秋の初めの富士山です。雪が粉砂糖みたいにうっすら積もったり溶けたりを繰り返す2週間くらいの間に、森林限界から下の木々がどんどん色づいていく。その様子が素晴らしくて、富士山の麓に住んでいるからこそ見られる贅沢な景色だと毎年思っています。
−学芸員として富士山と関わってこられて、今、改めて富士山に対して思うことはありますか。
3月10日から5月29日まで「富士 宝永火口と大沢崩れ」というテーマ展示を行っていますが、その企画を考える中で“富士山は日々崩れている”と気づけたことは、私にとってとても大きいことでした。
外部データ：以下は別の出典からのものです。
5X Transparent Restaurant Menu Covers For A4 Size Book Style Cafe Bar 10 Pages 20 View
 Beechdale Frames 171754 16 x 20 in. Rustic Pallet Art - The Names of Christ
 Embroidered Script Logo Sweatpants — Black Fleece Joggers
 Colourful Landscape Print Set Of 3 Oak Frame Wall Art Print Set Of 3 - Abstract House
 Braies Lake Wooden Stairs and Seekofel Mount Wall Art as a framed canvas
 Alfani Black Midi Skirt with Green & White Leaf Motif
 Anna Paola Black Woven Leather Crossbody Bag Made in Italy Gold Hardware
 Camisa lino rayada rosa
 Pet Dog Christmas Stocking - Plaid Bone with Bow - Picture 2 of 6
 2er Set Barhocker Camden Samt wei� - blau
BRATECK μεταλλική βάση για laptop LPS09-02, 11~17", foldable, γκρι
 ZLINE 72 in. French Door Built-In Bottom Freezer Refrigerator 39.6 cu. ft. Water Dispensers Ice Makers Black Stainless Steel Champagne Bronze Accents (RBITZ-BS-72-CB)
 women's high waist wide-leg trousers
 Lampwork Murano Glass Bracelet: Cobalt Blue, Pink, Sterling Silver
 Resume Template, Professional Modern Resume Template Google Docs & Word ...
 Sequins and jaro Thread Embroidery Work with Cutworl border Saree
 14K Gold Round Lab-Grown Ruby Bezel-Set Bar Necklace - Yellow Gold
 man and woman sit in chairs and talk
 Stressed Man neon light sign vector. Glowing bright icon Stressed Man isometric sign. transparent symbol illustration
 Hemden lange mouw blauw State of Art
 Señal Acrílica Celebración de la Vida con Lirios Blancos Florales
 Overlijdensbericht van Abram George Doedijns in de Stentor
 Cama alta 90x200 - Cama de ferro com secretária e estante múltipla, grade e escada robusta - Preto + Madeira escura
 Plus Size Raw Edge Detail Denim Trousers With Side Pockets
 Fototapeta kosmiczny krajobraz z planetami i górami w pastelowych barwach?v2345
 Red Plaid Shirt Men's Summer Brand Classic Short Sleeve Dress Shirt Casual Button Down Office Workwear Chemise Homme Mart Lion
例えば剣ヶ峰の真下から伸びる長さ2.1km、最大幅500m、深さ150mの大沢崩れは国内最大級の沢で、雨風などの気象条件によって現在も、毎年約15万立方メートルもの土砂が崩れています。岩だらけの山肌も同じように日々崩れていて、事故や災害につながらないように作業されている方たちがたくさんいらっしゃる。富士山の美しさは変わらないし、変わらずにいてほしいと願いながらこれまでお客さまに絵画をご案内してきましたが、その姿形は日々、少しずつ変わっている。絵画に描かれた富士山は“変わりゆく自然の一幕”を捉えたものでもあると、新たな視点を得ることができました。100年後には「富士山ってこんな形だったんだ」と見る人が思うかもしれないと考えると、作品を残す意義にまた深みが出てくるというか・・。絵画を通してさらに富士山を好きになっていただくのはもちろん、日々変化している富士山をもっと大事にしようと思っていただけたら嬉しいですね。
こうのさやか 1982年生まれ 転勤族の家に生まれ、幼い頃から三重、愛知、愛媛、福島など国内を転々とし、中高時代は仙台で過ごす。宮城県内の高校卒業後は都内の大学に進学、チアリーディング部でキャプテンを務める。2005年、富士急行(株)に入社し、2010年、学芸員の資格を取得した。他の部署への異動を経て、2019年から再び現職。現在は富士吉田市出身で料理上手な夫と2人暮らし。趣味は読書。「人に伝える仕事なので言葉のバリエーションを増やしたい」との想いもあって、週2冊のペースで読み進む。「埼玉に住む母親と同じ本を読んでは感想を伝えあっています(笑)」。